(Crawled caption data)
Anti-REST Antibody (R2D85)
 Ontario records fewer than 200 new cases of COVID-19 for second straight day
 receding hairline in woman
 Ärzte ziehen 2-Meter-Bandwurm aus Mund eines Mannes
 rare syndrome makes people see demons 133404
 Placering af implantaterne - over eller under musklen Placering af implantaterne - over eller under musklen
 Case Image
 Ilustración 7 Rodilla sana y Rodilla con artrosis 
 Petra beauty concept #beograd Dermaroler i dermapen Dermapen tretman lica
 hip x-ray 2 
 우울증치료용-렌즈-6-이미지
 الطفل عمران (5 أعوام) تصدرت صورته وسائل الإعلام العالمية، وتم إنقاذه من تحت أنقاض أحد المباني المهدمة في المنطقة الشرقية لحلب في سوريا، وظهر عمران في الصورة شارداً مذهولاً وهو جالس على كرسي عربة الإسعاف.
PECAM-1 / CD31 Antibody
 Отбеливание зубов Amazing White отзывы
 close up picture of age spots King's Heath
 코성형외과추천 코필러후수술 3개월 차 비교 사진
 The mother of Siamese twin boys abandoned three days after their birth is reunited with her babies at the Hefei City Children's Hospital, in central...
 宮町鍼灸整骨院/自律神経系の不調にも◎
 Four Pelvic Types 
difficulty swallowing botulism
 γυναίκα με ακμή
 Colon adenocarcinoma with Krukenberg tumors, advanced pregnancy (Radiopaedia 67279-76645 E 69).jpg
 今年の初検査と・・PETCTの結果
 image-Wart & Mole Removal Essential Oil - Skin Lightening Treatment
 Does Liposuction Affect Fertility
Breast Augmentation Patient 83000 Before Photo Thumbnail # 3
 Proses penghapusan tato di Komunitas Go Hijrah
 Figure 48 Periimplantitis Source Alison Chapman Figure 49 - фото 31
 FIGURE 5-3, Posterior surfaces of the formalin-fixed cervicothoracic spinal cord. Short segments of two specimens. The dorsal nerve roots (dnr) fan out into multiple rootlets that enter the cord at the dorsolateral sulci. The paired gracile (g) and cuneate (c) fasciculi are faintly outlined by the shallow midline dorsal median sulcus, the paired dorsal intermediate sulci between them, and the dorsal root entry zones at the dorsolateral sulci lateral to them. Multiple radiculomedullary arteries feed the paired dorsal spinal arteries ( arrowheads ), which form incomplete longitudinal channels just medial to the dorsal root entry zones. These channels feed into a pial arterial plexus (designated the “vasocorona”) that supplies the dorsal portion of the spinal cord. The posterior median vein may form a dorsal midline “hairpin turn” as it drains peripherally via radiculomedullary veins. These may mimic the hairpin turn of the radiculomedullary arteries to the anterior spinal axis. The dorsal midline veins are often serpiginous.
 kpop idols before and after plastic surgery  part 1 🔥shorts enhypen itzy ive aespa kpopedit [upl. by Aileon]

## Work to complete
Starting with the first line of the entries and ending with the line that has "Four Pelvic Types", copy each line exactly and add nothing.

## Task output
Anti-REST Antibody (R2D85)
 Ontario records fewer than 200 new cases of COVID-19 for second straight day
 receding hairline in woman
 Ärzte ziehen 2-Meter-Bandwurm aus Mund eines Mannes
 rare syndrome makes people see demons 133404
 Placering af implantaterne - over eller under musklen Placering af implantaterne - over eller under musklen
 Case Image
 Ilustración 7 Rodilla sana y Rodilla con artrosis 
 Petra beauty concept #beograd Dermaroler i dermapen Dermapen tretman lica
 hip x-ray 2 
 우울증치료용-렌즈-6-이미지
 الطفل عمران (5 أعوام) تصدرت صورته وسائل الإعلام العالمية، وتم إنقاذه من تحت أنقاض أحد المباني المهدمة في المنطقة الشرقية لحلب في سوريا، وظهر عمران في الصورة شارداً مذهولاً وهو جالس على كرسي عربة الإسعاف.
PECAM-1 / CD31 Antibody
 Отбеливание зубов Amazing White отзывы
 close up picture of age spots King's Heath
 코성형외과추천 코필러후수술 3개월 차 비교 사진
 The mother of Siamese twin boys abandoned three days after their birth is reunited with her babies at the Hefei City Children's Hospital, in central...
 宮町鍼灸整骨院/自律神経系の不調にも◎
 Four Pelvic Types 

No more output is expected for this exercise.